Dataset excerpts:
··········

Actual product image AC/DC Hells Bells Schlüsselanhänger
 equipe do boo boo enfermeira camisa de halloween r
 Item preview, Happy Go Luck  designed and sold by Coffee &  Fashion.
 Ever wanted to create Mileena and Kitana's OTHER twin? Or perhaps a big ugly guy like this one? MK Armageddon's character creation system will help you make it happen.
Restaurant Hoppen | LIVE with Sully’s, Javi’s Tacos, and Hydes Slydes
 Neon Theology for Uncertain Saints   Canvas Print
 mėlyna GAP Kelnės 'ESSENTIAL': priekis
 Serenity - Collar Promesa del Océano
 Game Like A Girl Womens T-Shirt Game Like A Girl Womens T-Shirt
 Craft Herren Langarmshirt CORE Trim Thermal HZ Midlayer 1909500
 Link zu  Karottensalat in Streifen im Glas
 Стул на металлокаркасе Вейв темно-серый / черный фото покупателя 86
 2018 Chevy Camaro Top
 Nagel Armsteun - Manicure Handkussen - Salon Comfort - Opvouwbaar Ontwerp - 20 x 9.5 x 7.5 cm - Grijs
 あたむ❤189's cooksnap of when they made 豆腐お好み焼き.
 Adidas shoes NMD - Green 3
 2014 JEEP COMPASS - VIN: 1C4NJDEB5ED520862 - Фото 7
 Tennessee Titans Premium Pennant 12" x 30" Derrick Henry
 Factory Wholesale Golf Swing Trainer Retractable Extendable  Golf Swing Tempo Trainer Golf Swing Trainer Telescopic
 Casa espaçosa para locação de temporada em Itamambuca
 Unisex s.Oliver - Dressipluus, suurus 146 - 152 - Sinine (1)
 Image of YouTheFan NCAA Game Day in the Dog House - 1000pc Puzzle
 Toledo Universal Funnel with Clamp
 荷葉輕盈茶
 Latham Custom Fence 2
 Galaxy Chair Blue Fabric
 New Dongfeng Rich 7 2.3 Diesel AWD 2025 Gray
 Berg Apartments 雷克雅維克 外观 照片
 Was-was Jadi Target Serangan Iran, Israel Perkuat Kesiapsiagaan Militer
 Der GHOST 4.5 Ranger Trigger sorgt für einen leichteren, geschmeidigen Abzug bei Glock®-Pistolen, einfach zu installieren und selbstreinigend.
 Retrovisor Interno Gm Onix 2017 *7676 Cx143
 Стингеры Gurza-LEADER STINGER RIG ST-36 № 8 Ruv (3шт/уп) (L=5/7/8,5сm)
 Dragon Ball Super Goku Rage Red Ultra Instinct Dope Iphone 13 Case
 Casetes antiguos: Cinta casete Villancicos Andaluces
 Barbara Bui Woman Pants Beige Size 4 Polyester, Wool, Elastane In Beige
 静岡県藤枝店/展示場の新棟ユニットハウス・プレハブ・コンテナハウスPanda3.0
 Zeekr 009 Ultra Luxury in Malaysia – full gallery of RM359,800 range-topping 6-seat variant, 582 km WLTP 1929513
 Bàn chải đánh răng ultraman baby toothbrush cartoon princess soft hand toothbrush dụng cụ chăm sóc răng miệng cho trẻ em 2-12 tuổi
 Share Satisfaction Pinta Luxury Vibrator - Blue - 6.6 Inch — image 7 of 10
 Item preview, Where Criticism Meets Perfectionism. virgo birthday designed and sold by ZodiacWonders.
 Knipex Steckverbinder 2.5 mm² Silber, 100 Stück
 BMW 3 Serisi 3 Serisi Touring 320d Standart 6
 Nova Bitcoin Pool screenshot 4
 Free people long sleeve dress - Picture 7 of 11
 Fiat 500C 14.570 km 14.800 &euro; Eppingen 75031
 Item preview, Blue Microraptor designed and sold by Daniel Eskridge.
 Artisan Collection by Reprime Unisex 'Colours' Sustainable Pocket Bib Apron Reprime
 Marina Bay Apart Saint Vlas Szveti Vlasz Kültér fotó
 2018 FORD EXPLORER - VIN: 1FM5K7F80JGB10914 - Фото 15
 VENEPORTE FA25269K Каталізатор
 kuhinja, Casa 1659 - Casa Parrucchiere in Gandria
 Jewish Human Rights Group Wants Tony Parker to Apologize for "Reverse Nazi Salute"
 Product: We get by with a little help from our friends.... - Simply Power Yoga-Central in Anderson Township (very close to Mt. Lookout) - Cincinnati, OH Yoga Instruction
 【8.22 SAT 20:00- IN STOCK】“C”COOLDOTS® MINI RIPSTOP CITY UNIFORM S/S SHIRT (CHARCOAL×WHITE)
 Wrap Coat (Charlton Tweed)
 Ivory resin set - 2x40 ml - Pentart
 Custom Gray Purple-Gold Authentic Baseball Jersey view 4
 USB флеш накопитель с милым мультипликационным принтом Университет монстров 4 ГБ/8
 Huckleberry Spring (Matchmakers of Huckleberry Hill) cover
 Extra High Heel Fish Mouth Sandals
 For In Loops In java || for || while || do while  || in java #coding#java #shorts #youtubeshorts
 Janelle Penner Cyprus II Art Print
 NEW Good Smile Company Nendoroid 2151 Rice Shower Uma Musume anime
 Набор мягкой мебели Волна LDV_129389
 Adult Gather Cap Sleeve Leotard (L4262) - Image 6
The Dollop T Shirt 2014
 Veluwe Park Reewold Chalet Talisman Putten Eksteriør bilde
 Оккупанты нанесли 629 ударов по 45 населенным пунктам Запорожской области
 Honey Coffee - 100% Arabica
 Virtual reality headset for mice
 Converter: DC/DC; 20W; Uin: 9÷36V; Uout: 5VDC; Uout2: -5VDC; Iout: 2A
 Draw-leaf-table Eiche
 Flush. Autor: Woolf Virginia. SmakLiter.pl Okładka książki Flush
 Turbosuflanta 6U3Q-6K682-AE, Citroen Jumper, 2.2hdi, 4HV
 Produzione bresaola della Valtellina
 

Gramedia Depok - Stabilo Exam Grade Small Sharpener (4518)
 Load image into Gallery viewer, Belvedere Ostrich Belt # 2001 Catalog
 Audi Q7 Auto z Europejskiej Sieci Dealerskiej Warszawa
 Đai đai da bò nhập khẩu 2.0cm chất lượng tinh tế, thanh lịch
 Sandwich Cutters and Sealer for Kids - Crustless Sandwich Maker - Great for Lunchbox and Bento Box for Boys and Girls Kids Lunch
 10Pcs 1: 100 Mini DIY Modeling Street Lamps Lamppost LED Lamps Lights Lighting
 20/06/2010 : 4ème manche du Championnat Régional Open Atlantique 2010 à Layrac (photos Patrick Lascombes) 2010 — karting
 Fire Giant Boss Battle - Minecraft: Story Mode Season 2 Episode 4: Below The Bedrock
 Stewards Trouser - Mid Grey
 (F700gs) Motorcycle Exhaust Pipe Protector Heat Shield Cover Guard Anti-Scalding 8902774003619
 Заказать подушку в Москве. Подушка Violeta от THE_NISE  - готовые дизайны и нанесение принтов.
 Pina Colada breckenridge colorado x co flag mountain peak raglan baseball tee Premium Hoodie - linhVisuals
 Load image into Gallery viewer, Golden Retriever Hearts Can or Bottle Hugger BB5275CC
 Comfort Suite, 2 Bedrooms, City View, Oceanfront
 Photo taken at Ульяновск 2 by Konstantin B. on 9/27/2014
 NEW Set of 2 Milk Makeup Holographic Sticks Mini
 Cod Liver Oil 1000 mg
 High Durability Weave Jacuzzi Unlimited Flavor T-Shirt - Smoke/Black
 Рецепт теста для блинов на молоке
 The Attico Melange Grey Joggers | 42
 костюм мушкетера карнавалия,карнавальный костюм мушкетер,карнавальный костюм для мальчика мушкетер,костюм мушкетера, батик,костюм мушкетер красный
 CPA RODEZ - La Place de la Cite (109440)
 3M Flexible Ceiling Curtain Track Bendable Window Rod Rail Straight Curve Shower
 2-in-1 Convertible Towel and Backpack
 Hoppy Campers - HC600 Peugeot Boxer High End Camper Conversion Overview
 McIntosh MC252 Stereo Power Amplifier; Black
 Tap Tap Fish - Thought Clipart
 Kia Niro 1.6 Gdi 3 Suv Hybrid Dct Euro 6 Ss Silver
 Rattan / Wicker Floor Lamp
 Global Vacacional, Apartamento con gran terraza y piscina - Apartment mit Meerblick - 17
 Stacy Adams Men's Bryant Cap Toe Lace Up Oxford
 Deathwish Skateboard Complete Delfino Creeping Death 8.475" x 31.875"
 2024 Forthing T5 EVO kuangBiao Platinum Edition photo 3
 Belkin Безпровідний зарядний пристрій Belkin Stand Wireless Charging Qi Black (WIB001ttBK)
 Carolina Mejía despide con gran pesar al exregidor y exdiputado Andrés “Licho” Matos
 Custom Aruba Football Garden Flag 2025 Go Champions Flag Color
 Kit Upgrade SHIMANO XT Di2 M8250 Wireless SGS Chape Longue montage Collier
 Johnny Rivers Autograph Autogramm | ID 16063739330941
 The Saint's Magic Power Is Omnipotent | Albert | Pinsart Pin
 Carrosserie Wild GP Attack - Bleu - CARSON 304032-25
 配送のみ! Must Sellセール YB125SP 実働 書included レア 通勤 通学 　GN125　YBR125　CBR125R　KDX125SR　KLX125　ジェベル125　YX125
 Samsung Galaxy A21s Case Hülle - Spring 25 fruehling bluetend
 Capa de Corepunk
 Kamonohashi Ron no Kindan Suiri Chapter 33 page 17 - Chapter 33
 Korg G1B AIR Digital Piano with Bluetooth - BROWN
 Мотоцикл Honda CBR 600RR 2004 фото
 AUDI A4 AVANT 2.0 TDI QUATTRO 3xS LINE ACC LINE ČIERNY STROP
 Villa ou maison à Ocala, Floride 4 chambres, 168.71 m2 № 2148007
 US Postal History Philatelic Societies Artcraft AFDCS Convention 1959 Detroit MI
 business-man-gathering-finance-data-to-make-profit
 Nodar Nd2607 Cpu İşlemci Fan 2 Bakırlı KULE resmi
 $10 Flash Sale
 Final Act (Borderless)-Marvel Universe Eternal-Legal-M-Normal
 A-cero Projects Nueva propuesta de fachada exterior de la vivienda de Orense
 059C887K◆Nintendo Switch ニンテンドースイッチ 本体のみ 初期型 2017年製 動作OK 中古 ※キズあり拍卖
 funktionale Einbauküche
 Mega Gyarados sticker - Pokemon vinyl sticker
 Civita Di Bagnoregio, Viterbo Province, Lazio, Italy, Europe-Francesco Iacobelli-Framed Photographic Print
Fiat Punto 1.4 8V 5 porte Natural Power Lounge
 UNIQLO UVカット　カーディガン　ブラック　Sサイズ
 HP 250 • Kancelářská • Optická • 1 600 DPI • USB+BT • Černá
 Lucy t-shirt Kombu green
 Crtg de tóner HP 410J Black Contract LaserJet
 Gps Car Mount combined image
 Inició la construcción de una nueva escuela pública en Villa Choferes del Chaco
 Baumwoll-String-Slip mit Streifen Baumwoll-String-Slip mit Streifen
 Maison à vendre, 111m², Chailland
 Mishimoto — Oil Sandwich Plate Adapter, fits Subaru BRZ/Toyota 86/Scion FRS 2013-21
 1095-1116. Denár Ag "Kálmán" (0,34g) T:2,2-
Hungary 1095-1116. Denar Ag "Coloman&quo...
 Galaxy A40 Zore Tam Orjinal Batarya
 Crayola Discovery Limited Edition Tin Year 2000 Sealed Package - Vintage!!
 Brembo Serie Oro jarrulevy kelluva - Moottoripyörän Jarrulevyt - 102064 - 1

··········

### Task statement
Copy out the line holding "Final Act (Borderless)-Marvel" along with all lines after it through the end of the entries, exactly and only these.

### Expected answer
 Final Act (Borderless)-Marvel Universe Eternal-Legal-M-Normal
 A-cero Projects Nueva propuesta de fachada exterior de la vivienda de Orense
 059C887K◆Nintendo Switch ニンテンドースイッチ 本体のみ 初期型 2017年製 動作OK 中古 ※キズあり拍卖
 funktionale Einbauküche
 Mega Gyarados sticker - Pokemon vinyl sticker
 Civita Di Bagnoregio, Viterbo Province, Lazio, Italy, Europe-Francesco Iacobelli-Framed Photographic Print
Fiat Punto 1.4 8V 5 porte Natural Power Lounge
 UNIQLO UVカット　カーディガン　ブラック　Sサイズ
 HP 250 • Kancelářská • Optická • 1 600 DPI • USB+BT • Černá
 Lucy t-shirt Kombu green
 Crtg de tóner HP 410J Black Contract LaserJet
 Gps Car Mount combined image
 Inició la construcción de una nueva escuela pública en Villa Choferes del Chaco
 Baumwoll-String-Slip mit Streifen Baumwoll-String-Slip mit Streifen
 Maison à vendre, 111m², Chailland
 Mishimoto — Oil Sandwich Plate Adapter, fits Subaru BRZ/Toyota 86/Scion FRS 2013-21
 1095-1116. Denár Ag "Kálmán" (0,34g) T:2,2-
Hungary 1095-1116. Denar Ag "Coloman&quo...
 Galaxy A40 Zore Tam Orjinal Batarya
 Crayola Discovery Limited Edition Tin Year 2000 Sealed Package - Vintage!!
 Brembo Serie Oro jarrulevy kelluva - Moottoripyörän Jarrulevyt - 102064 - 1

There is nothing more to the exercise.